Sim, algumas vezes. Sempre comentamos um dado interessante, que é o de que as cidades e centros urbanos ocupam 3% do planeta. É um dado chocante, porque, no nosso mapa mental, as cidades ocupariam tudo, mas, no mundo real, as áreas não urbanizadas são a vasta maioria do território terrestre. Nós entendemos ser um desafio fundamental a restauração desses espaços, porque são mais de 2 bilhões de hectares degradados no mundo, algo maior que a América do Sul. E quando me refiro a degradados, quero dizer territórios em processo de desertificação, com quebras do ciclo hídrico, quebra do ciclo dos nutrientes, territórios em que as pessoas precisam migrar para sobreviver. Por ser uma profissão essencialmente multidisciplinar, a arquitetura precisa assumir para si a responsabilidade de participar de projetos que promovam uma melhora nos ambientes e na qualidade de vida das pessoas. Eu vejo a Arquitetura Rural atuando na restauração de territórios e na construção de modelos de vida mais saudáveis e mais compartilhados, colaborando um pouco para a harmonia e a felicidade de todos. 

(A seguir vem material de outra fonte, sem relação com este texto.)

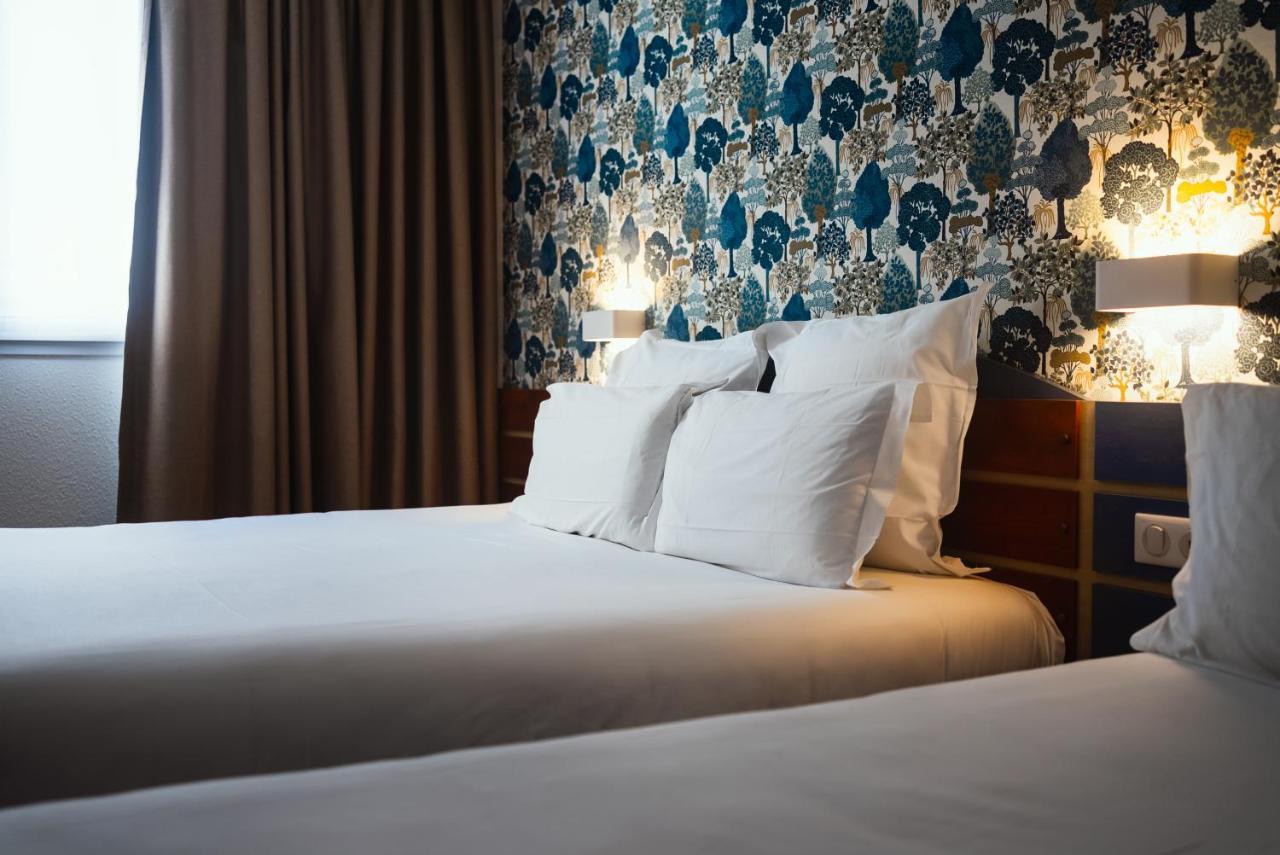 Sure Hotel By Best Western Sarlat-la-Canéda Eksteriør bilde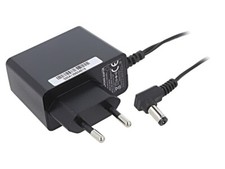 Alimentation PRO1212W2E-2155LCN : impulsion tension continue 12VDC 1A 12W arr...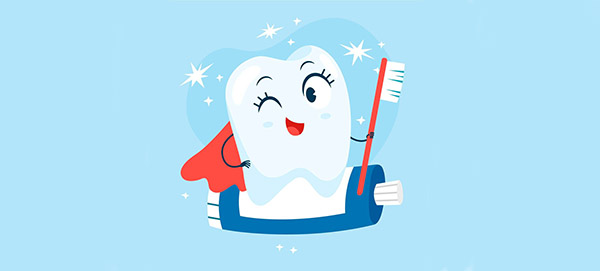 Another successful seminar for children on dental health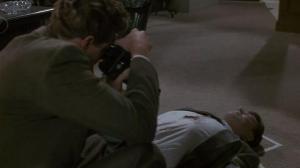 Кадры из фильма Коломбо: Загадка миссис Коломбо / Columbo: Rest in Peace, Mrs. Columbo (1990)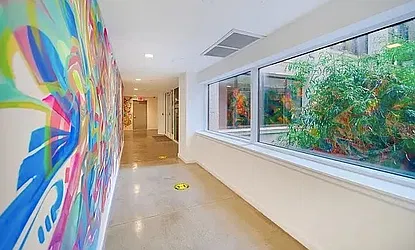 Rented by Living New York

Além dos projetos que realiza, a Arquitetura Rural também ministra cursos. Como eles funcionam?

Começamos a dar cursos em 2017, em parceria com o Instituto Terra. O Instituto Terra é a ONG do Sebastião Salgado, em Aimorés, que trabalha na revitalização e restauração da antiga fazenda da família. O instituto tem duas frentes. A produção de mudas para a restauração de nascentes na região — e eles têm um programa ambiental maravilhoso de conscientização da atuação nas propriedades da região — e uma frente educativa, que conta com um programa chamado NERE (Núcleo de Estudos em Restauração Ecossistêmica). Nessa frente, trabalham com aproximadamente trinta adolescentes durante um ano. É um programa em que eles ficam praticamente num internato, morando no Instituto Terra, e aprendem sobre diversos assuntos, como ecologia, agricultura, planejamento. Fazemos parte oferecendo um módulo de ensino sobre planejamento. A partir disso, começamos a oferecer cursos aqui em São Paulo também, na Escola de Botânica, e em algumas outras instituições parceiras. Normalmente, são workshops ou cursos de dois dias. No ano passado, realizamos um curso online chamado Introdução ao Planejamento de Propriedades Rurais. Ele é voltado para o público geral, interessado em aprender sobre o tema. Esse ano vamos lançar a segunda edição.